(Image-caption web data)
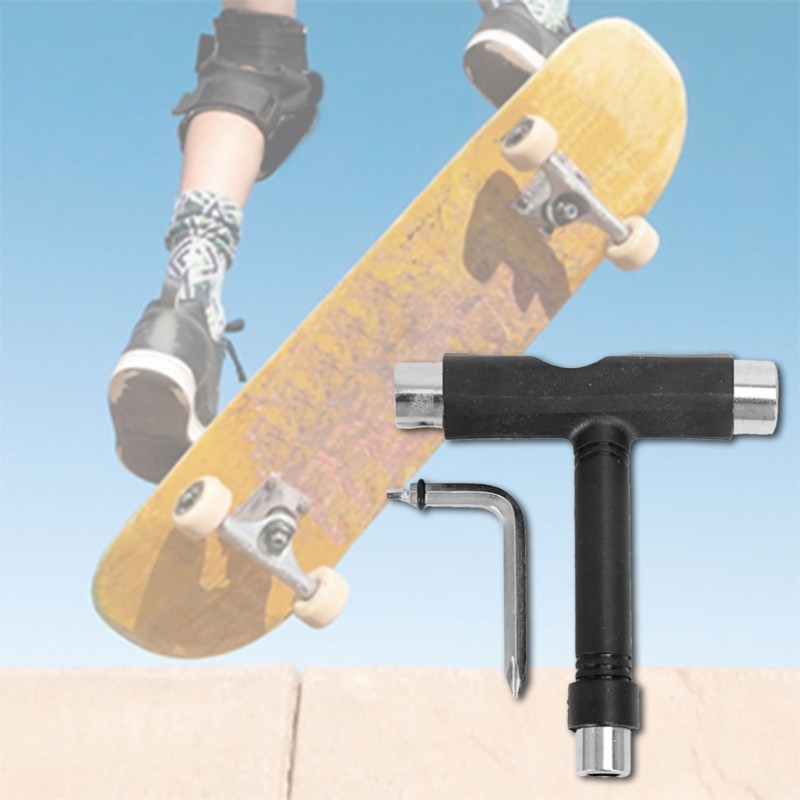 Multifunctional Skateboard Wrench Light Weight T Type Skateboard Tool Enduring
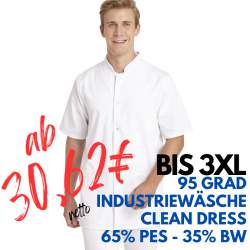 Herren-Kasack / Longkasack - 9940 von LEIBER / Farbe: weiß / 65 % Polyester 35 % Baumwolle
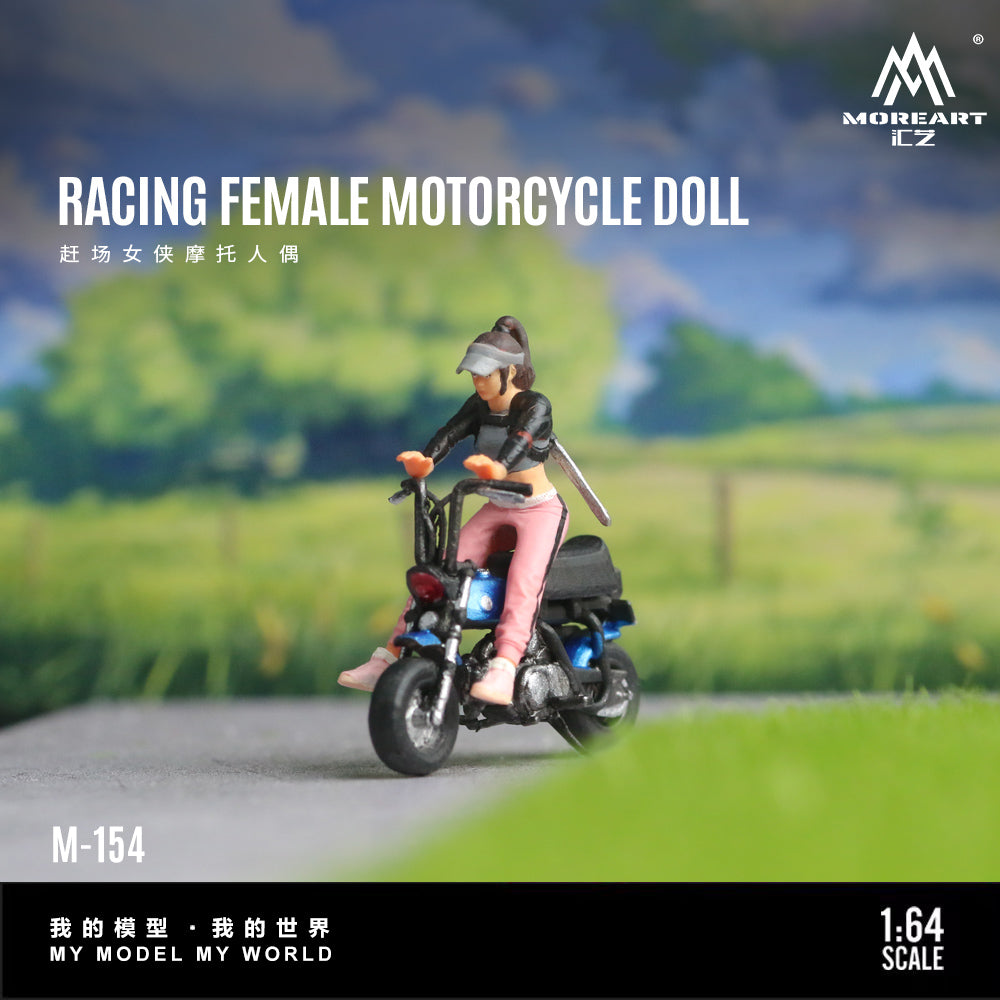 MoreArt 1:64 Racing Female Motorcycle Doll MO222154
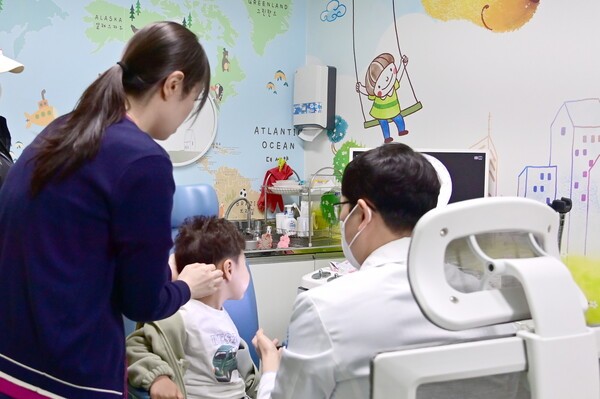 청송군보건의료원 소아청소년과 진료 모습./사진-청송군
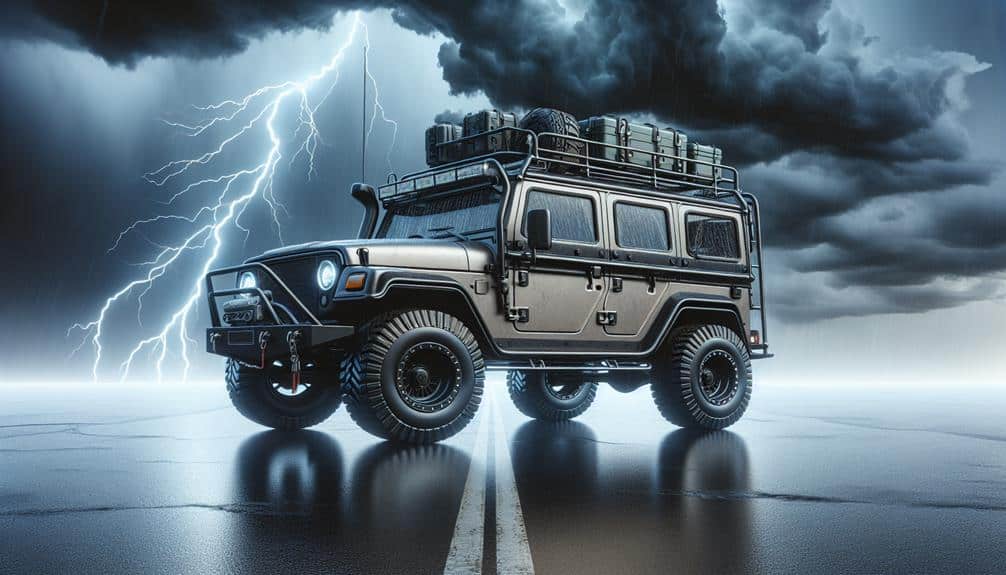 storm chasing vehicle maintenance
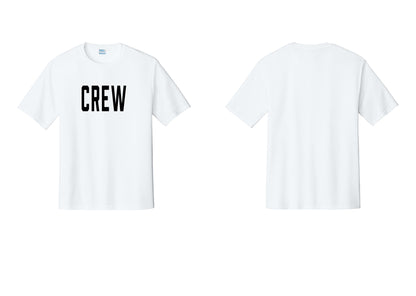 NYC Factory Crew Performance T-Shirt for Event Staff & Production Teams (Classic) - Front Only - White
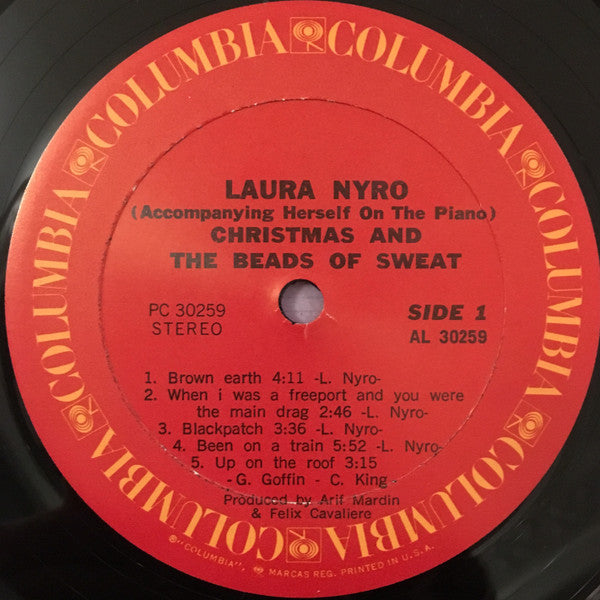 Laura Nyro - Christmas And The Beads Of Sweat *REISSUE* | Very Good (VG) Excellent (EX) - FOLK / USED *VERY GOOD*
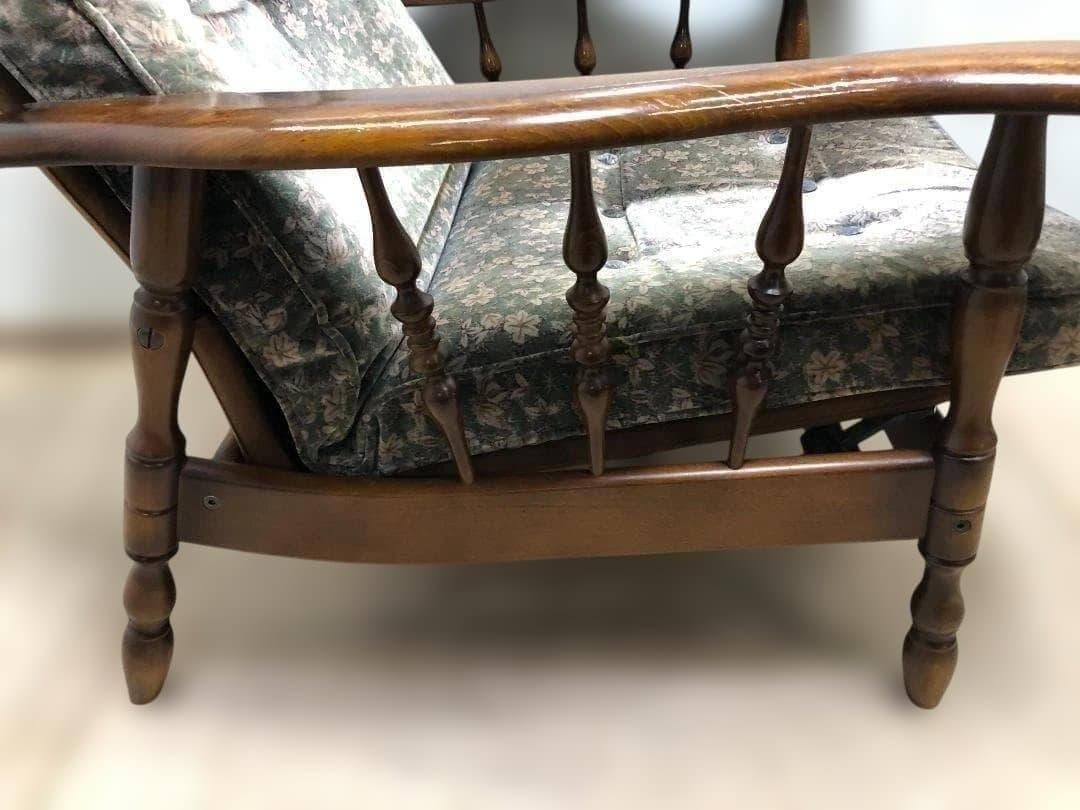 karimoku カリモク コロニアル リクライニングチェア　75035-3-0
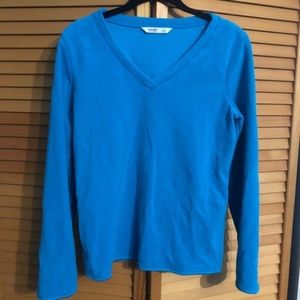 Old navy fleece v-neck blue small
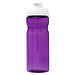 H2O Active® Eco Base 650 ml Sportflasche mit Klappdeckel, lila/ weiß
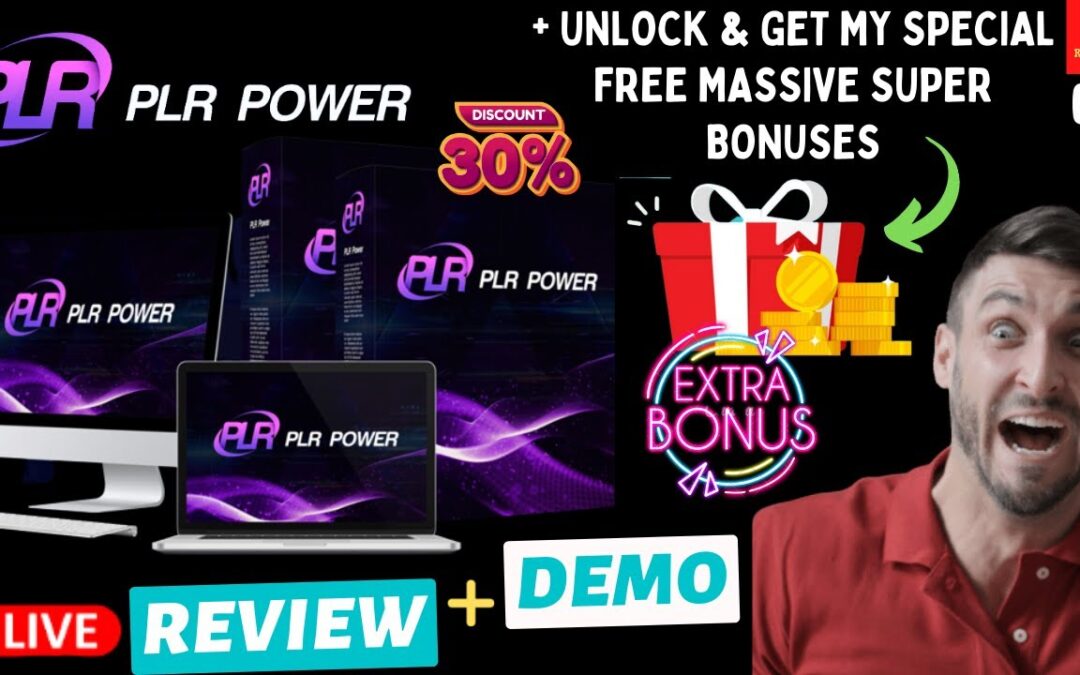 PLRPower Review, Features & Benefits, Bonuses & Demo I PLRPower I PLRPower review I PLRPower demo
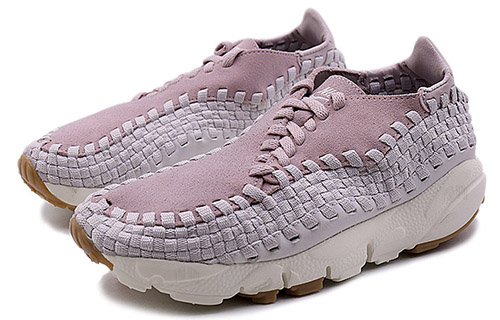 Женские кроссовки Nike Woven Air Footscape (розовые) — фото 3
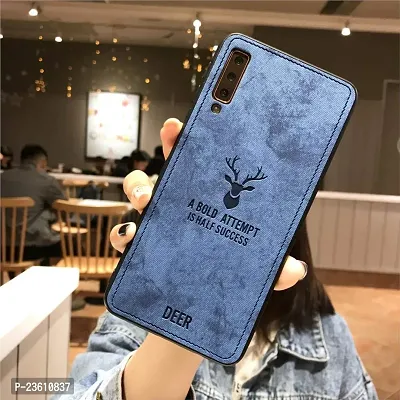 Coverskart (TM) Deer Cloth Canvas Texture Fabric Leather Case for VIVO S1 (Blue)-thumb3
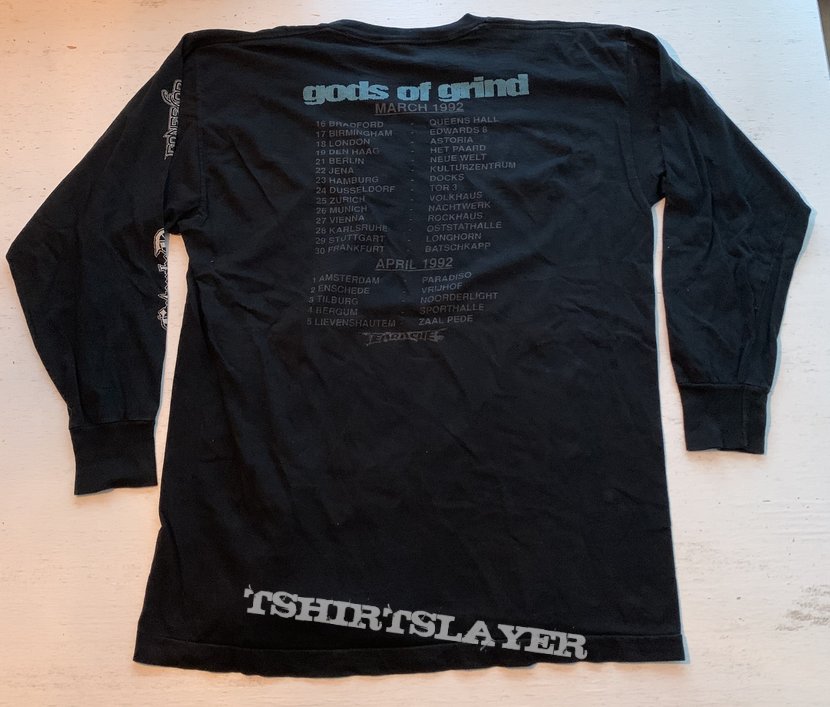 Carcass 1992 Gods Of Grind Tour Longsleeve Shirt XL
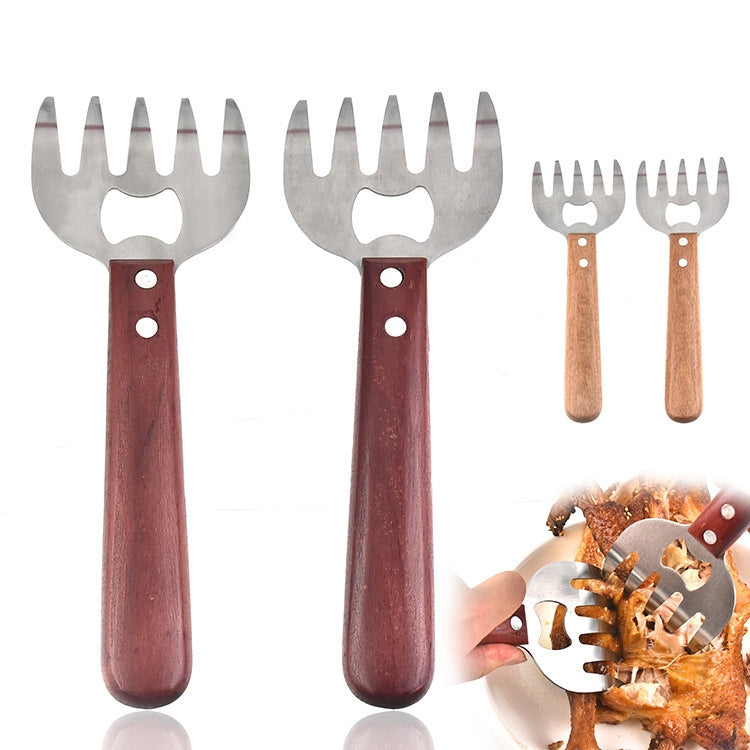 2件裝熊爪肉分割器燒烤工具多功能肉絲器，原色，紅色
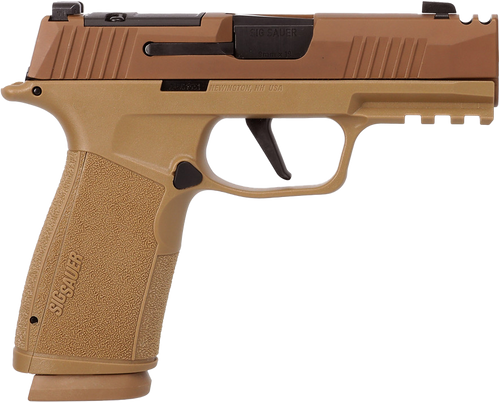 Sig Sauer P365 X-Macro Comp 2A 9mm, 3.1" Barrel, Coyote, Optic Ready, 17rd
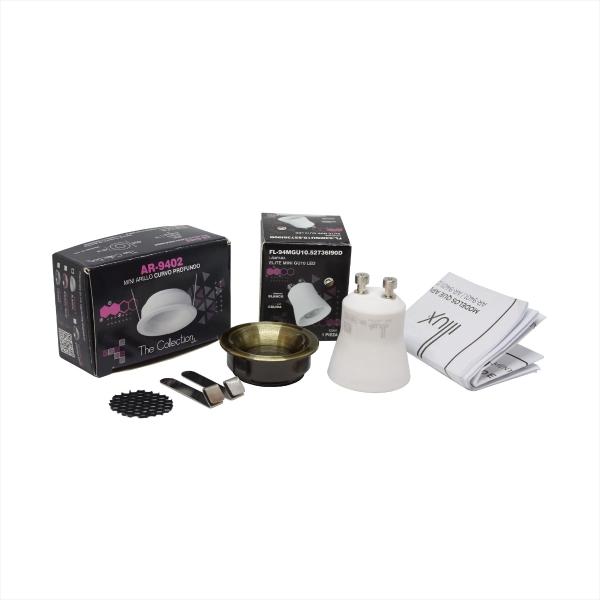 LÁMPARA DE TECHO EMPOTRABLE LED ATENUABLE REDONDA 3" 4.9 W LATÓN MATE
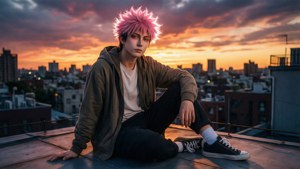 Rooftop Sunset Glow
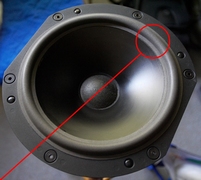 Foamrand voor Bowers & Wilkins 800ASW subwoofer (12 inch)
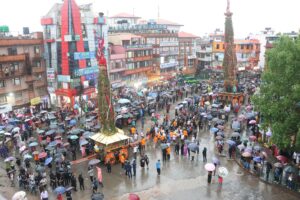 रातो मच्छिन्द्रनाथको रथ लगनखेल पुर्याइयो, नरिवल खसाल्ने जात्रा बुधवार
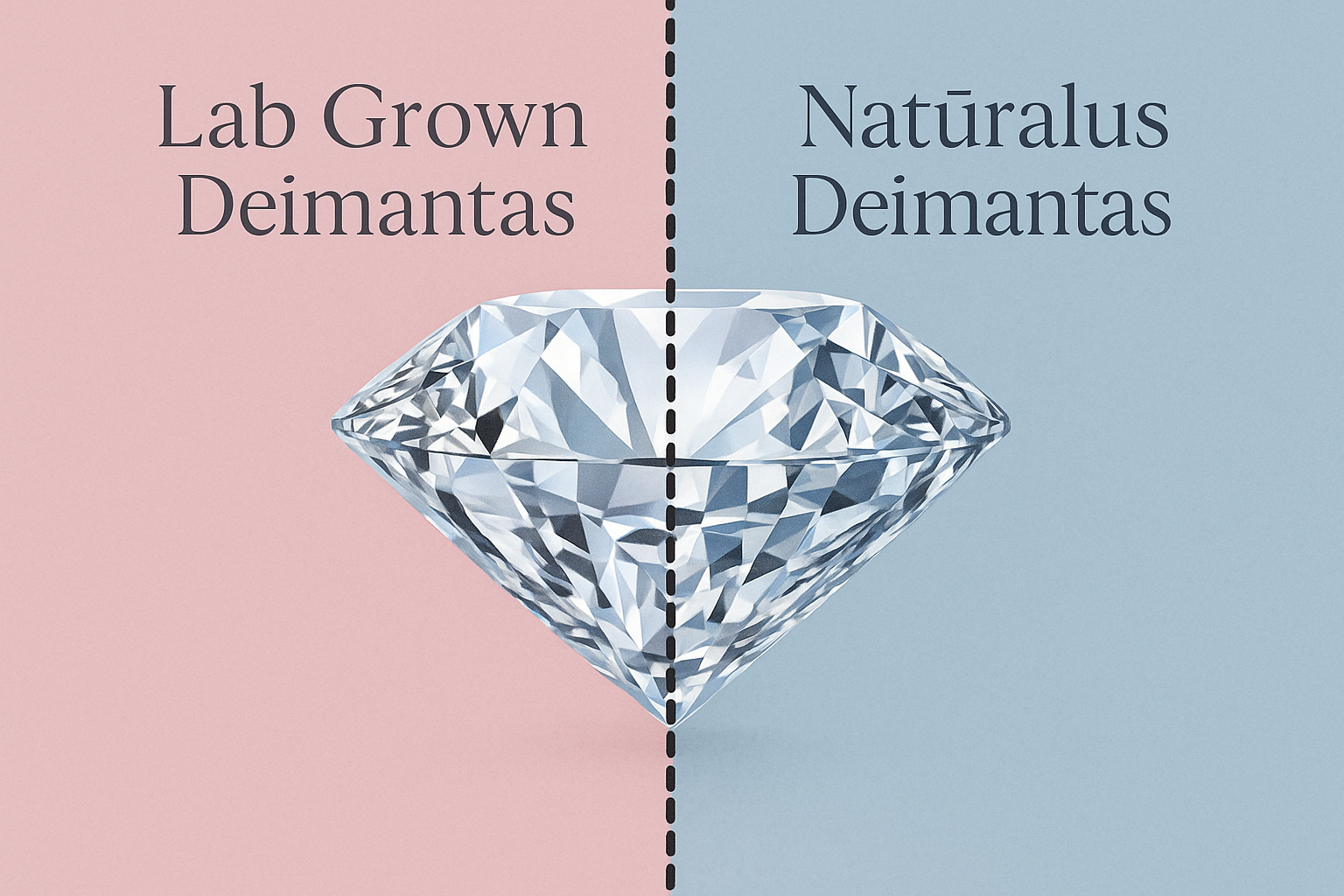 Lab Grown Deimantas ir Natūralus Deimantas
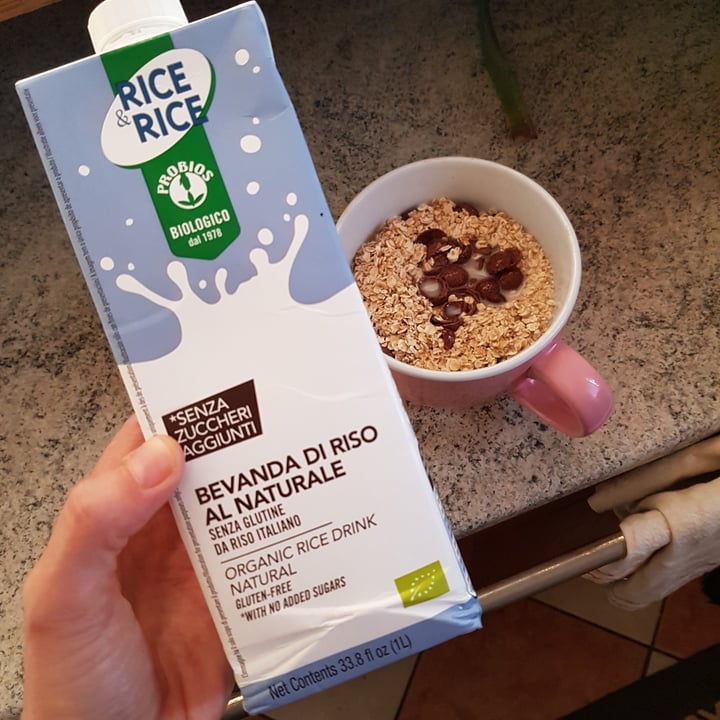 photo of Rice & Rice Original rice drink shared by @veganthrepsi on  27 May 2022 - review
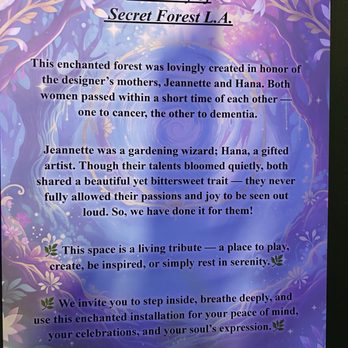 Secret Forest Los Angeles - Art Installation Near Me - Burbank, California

## REQUIREMENT
Transcribe the entries above verbatim, omitting their pictures.

## EXERCISE SOLUTION
 Multifunctional Skateboard Wrench Light Weight T Type Skateboard Tool Enduring
 Herren-Kasack / Longkasack - 9940 von LEIBER / Farbe: weiß / 65 % Polyester 35 % Baumwolle
 MoreArt 1:64 Racing Female Motorcycle Doll MO222154
 청송군보건의료원 소아청소년과 진료 모습./사진-청송군
 storm chasing vehicle maintenance
 NYC Factory Crew Performance T-Shirt for Event Staff & Production Teams (Classic) - Front Only - White
 Laura Nyro - Christmas And The Beads Of Sweat *REISSUE* | Very Good (VG) Excellent (EX) - FOLK / USED *VERY GOOD*
 karimoku カリモク コロニアル リクライニングチェア　75035-3-0
 Old navy fleece v-neck blue small
 H2O Active® Eco Base 650 ml Sportflasche mit Klappdeckel, lila/ weiß
 PLRPower Review, Features & Benefits, Bonuses & Demo I PLRPower I PLRPower review I PLRPower demo
 Женские кроссовки Nike Woven Air Footscape (розовые) — фото 3
 Coverskart (TM) Deer Cloth Canvas Texture Fabric Leather Case for VIVO S1 (Blue)-thumb3
 Carcass 1992 Gods Of Grind Tour Longsleeve Shirt XL
 2件裝熊爪肉分割器燒烤工具多功能肉絲器，原色，紅色
 Sig Sauer P365 X-Macro Comp 2A 9mm, 3.1" Barrel, Coyote, Optic Ready, 17rd
 LÁMPARA DE TECHO EMPOTRABLE LED ATENUABLE REDONDA 3" 4.9 W LATÓN MATE
 Rooftop Sunset Glow
 Foamrand voor Bowers & Wilkins 800ASW subwoofer (12 inch)
 रातो मच्छिन्द्रनाथको रथ लगनखेल पुर्याइयो, नरिवल खसाल्ने जात्रा बुधवार
 Lab Grown Deimantas ir Natūralus Deimantas
 photo of Rice & Rice Original rice drink shared by @veganthrepsi on  27 May 2022 - review
 Secret Forest Los Angeles - Art Installation Near Me - Burbank, California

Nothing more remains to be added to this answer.